Network neutrality has emerged as an issue. Wu and Lessig (2004) set out two reasons to adapt neutral network model for computer networks. First, “a neutral network eliminates the risk of future discrimination, providing more incentive to invest in broadband application development.” Second, “neutral network facilitates fair competition among application, no bias between applications.” The two reasons also coincide with FCC’s interest to stimulate investment and enhance innovation in broadband technology and services. Despite regulatory efforts of deregulation, privatization, and liberalization, the infrastructure barrier has been a negative factor in achieving effective competition. “Kim et al. argues that IP dissociates the telephony application from the infrastructure and Internet telephony is at the forefront of such dissociation .” The neutrality of the network is very important for fair competition. As the former FCC Charman Michael Powell put it: “From its inception, the Internet was designed, as those present during the course of its creating will tell you, to prevent government or a corporation or anyone else from controlling it. It was designed to defeat discrimination against users, ideas and technologies”  Because of these reasons, Shin concludes that regulator should make sure to regulate application and infrastructure separately.
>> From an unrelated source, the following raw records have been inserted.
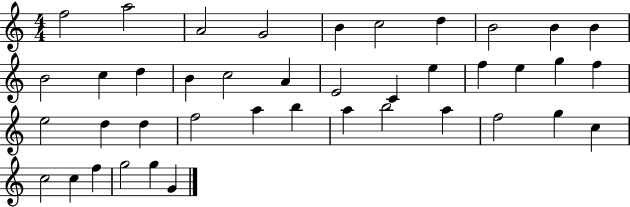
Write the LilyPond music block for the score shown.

{
  \clef treble
  \numericTimeSignature
  \time 4/4
  \key c \major
  f''2 a''2 | a'2 g'2 | b'4 c''2 d''4 | b'2 b'4 b'4 | \break b'2 c''4 d''4 | b'4 c''2 a'4 | e'2 c'4 e''4 | f''4 e''4 g''4 f''4 | \break e''2 d''4 d''4 | f''2 a''4 b''4 | a''4 b''2 a''4 | f''2 g''4 c''4 | \break c''2 c''4 f''4 | g''2 g''4 g'4 | \bar "|."
}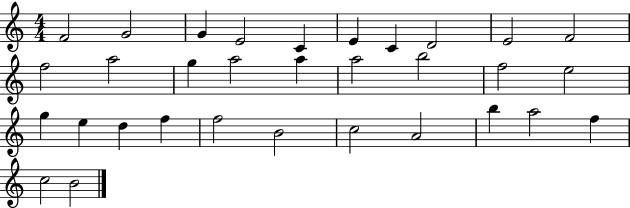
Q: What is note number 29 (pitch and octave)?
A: A5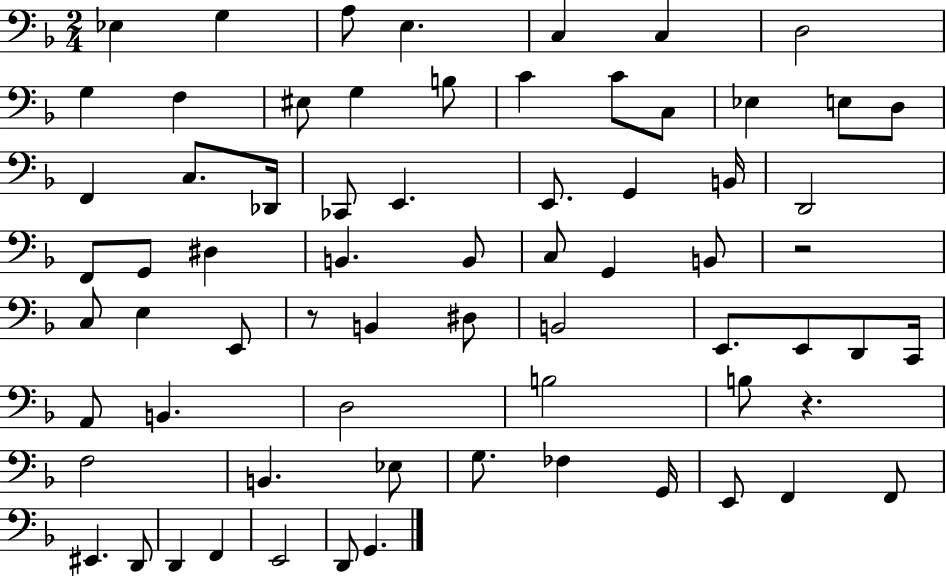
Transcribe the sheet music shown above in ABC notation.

X:1
T:Untitled
M:2/4
L:1/4
K:F
_E, G, A,/2 E, C, C, D,2 G, F, ^E,/2 G, B,/2 C C/2 C,/2 _E, E,/2 D,/2 F,, C,/2 _D,,/4 _C,,/2 E,, E,,/2 G,, B,,/4 D,,2 F,,/2 G,,/2 ^D, B,, B,,/2 C,/2 G,, B,,/2 z2 C,/2 E, E,,/2 z/2 B,, ^D,/2 B,,2 E,,/2 E,,/2 D,,/2 C,,/4 A,,/2 B,, D,2 B,2 B,/2 z F,2 B,, _E,/2 G,/2 _F, G,,/4 E,,/2 F,, F,,/2 ^E,, D,,/2 D,, F,, E,,2 D,,/2 G,,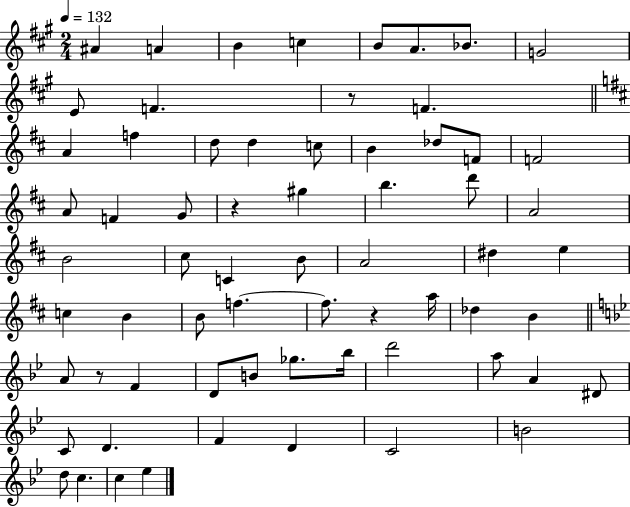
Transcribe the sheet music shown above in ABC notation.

X:1
T:Untitled
M:2/4
L:1/4
K:A
^A A B c B/2 A/2 _B/2 G2 E/2 F z/2 F A f d/2 d c/2 B _d/2 F/2 F2 A/2 F G/2 z ^g b d'/2 A2 B2 ^c/2 C B/2 A2 ^d e c B B/2 f f/2 z a/4 _d B A/2 z/2 F D/2 B/2 _g/2 _b/4 d'2 a/2 A ^D/2 C/2 D F D C2 B2 d/2 c c _e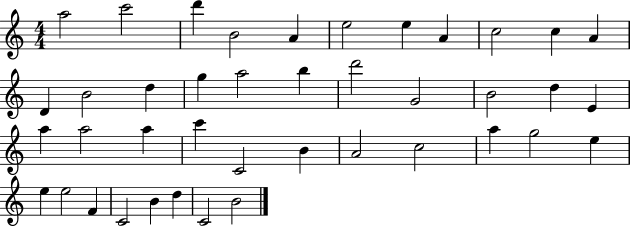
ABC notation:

X:1
T:Untitled
M:4/4
L:1/4
K:C
a2 c'2 d' B2 A e2 e A c2 c A D B2 d g a2 b d'2 G2 B2 d E a a2 a c' C2 B A2 c2 a g2 e e e2 F C2 B d C2 B2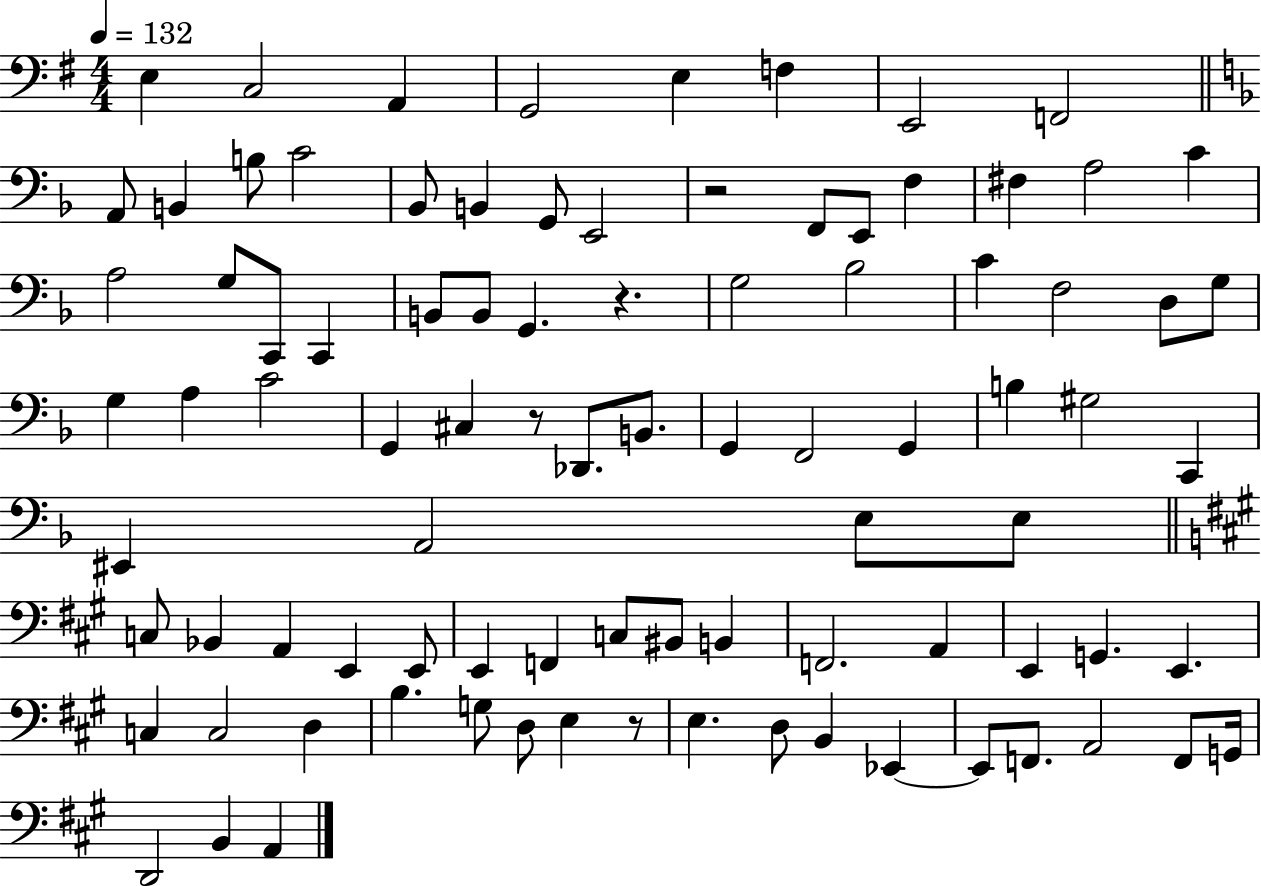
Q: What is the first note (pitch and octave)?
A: E3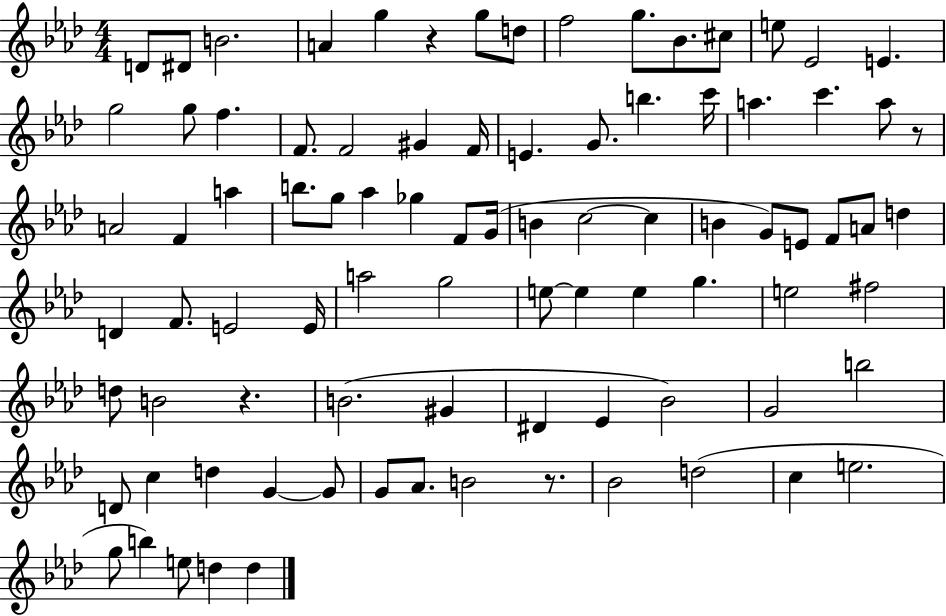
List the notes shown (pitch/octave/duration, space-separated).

D4/e D#4/e B4/h. A4/q G5/q R/q G5/e D5/e F5/h G5/e. Bb4/e. C#5/e E5/e Eb4/h E4/q. G5/h G5/e F5/q. F4/e. F4/h G#4/q F4/s E4/q. G4/e. B5/q. C6/s A5/q. C6/q. A5/e R/e A4/h F4/q A5/q B5/e. G5/e Ab5/q Gb5/q F4/e G4/s B4/q C5/h C5/q B4/q G4/e E4/e F4/e A4/e D5/q D4/q F4/e. E4/h E4/s A5/h G5/h E5/e E5/q E5/q G5/q. E5/h F#5/h D5/e B4/h R/q. B4/h. G#4/q D#4/q Eb4/q Bb4/h G4/h B5/h D4/e C5/q D5/q G4/q G4/e G4/e Ab4/e. B4/h R/e. Bb4/h D5/h C5/q E5/h. G5/e B5/q E5/e D5/q D5/q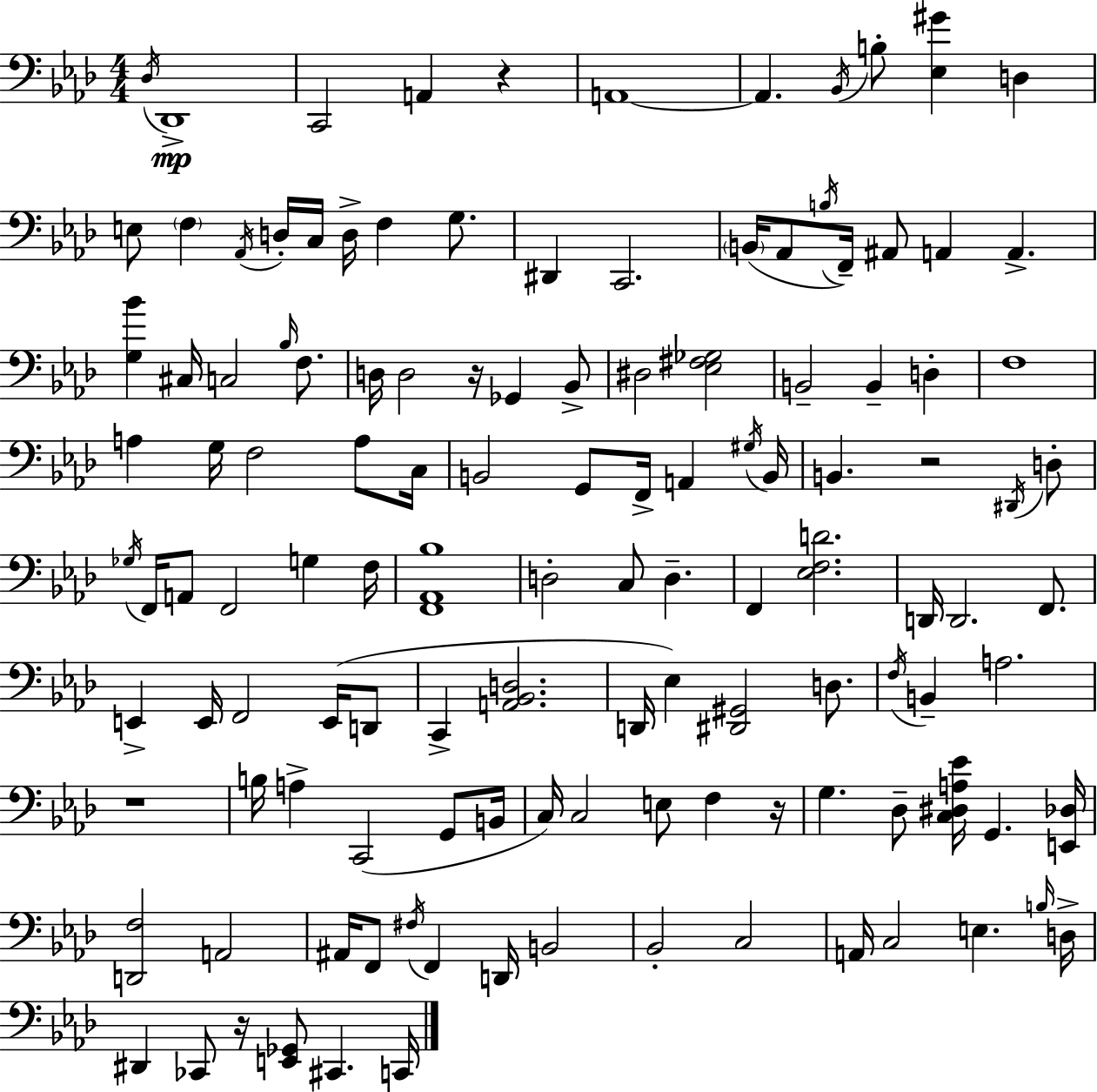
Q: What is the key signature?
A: F minor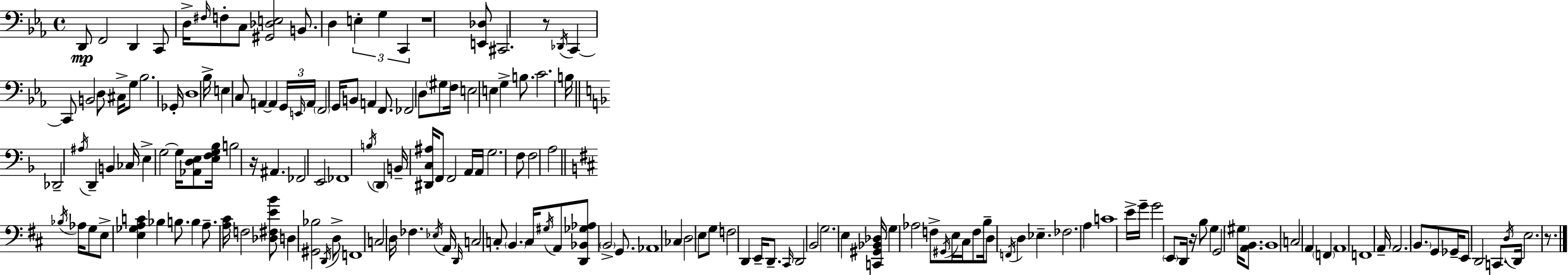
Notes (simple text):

D2/e F2/h D2/q C2/e D3/s F#3/s F3/e C3/e [G#2,Db3,E3]/h B2/e. D3/q E3/q G3/q C2/q R/w [E2,Db3]/e C#2/h. R/e Db2/s C2/q C2/e B2/h D3/e C#3/s G3/e Bb3/h. Gb2/s D3/w Bb3/s E3/q C3/e A2/q A2/q G2/s E2/s A2/s F2/h G2/s B2/e A2/q F2/e. FES2/h D3/e G#3/e F3/s E3/h E3/q G3/q B3/e. C4/h. B3/s Db2/h A#3/s D2/q B2/q CES3/s E3/q G3/h G3/s [Ab2,D3,E3]/e [E3,F3,G3,Bb3]/s B3/h R/s A#2/q. FES2/h E2/h FES2/w B3/s D2/q B2/s [D#2,C3,A#3]/s F2/e F2/h A2/s A2/s G3/h. F3/e F3/h A3/h Bb3/s Ab3/s G3/e E3/e [E3,Gb3,A3,C4]/q Bb3/q B3/e. B3/q A3/e. [A3,C#4]/s F3/h [Db3,F#3,E4,B4]/e D3/q [G#2,Bb3]/h D2/s D3/e F2/w C3/h D3/s FES3/q. Eb3/s A2/s D2/s C3/h C3/e B2/q. C3/s G#3/s A2/e [D2,Bb2,Gb3,Ab3]/e B2/h G2/e. Ab2/w CES3/q D3/h E3/e G3/e F3/h D2/q E2/s D2/e. C#2/s D2/h B2/h G3/h. E3/q [C2,G#2,Bb2,Db3]/s G3/q Ab3/h F3/e G#2/s E3/s C#3/s F3/e B3/s D3/e F2/s D3/q Eb3/q. FES3/h. A3/q C4/w E4/s G4/s G4/h E2/e D2/s R/s B3/e G3/q G2/h G#3/s [A2,B2]/e. B2/w C3/h A2/q F2/q A2/w F2/w A2/s A2/h. B2/e. G2/e Gb2/s E2/e D2/h C2/e. D3/s D2/s E3/h. R/e.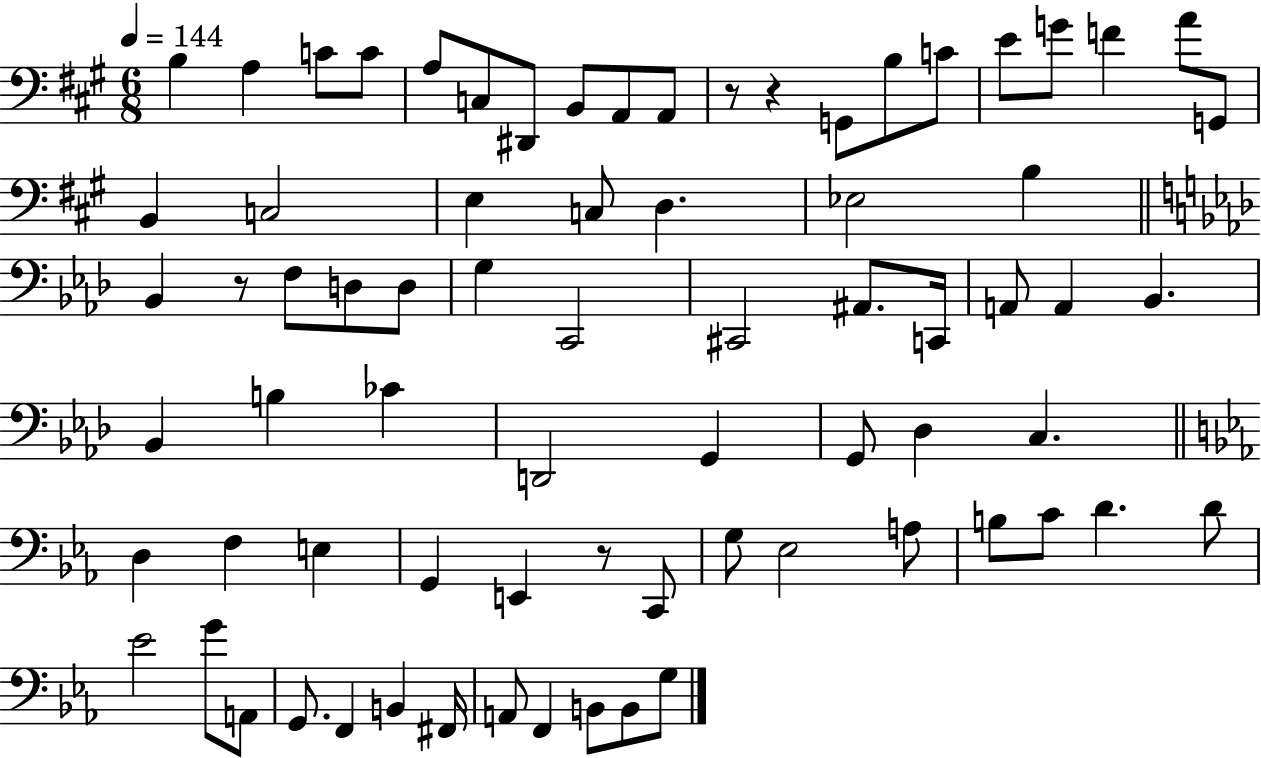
{
  \clef bass
  \numericTimeSignature
  \time 6/8
  \key a \major
  \tempo 4 = 144
  \repeat volta 2 { b4 a4 c'8 c'8 | a8 c8 dis,8 b,8 a,8 a,8 | r8 r4 g,8 b8 c'8 | e'8 g'8 f'4 a'8 g,8 | \break b,4 c2 | e4 c8 d4. | ees2 b4 | \bar "||" \break \key f \minor bes,4 r8 f8 d8 d8 | g4 c,2 | cis,2 ais,8. c,16 | a,8 a,4 bes,4. | \break bes,4 b4 ces'4 | d,2 g,4 | g,8 des4 c4. | \bar "||" \break \key ees \major d4 f4 e4 | g,4 e,4 r8 c,8 | g8 ees2 a8 | b8 c'8 d'4. d'8 | \break ees'2 g'8 a,8 | g,8. f,4 b,4 fis,16 | a,8 f,4 b,8 b,8 g8 | } \bar "|."
}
The layered model was first proposed by Solum and Chug, Sicker, and Nakahata. Sicker, Warbach and Witt have supported using a layered model to regulate the telecommunications industry with the emergence of convergence services. Many researchers have different layered approach, but they all agree that the emergence of convergent technology will create challenges and ambiguities for regulations. The key point of the layered model is that it reflects the reality of network architecture, and current business model. The layered Model consists of 1. Access Layer – where the physical infrastructure resides: copper wires, cable, or fiber optic. 2. transport layer – the provider of service. 3. Application layer – the interface between the data and the users. 4. content layer – the layer which users see. In Convergence Technologies and the Layered Policy Model: Implication for Regulating Future Communications, Shin combines the Layered Model and Network Neutrality as the principle to regulate the future convergent Media Industry.